ACTIVITY: Only lines, not pictures: please repeat exactly the lines from the one with "Rotwein, Grande Réserve" through the end of the listing.

DATA BLOCK:
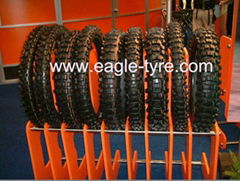 Motocross tire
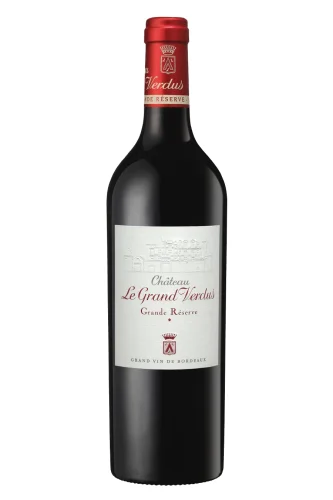 Rotwein, Grande Réserve rouge, 2025, Château Le Grand Verdus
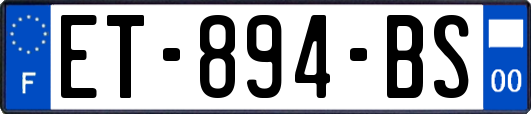 ET-894-BS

RESULT FOR THIS EXERCISE:
 Rotwein, Grande Réserve rouge, 2025, Château Le Grand Verdus
 ET-894-BS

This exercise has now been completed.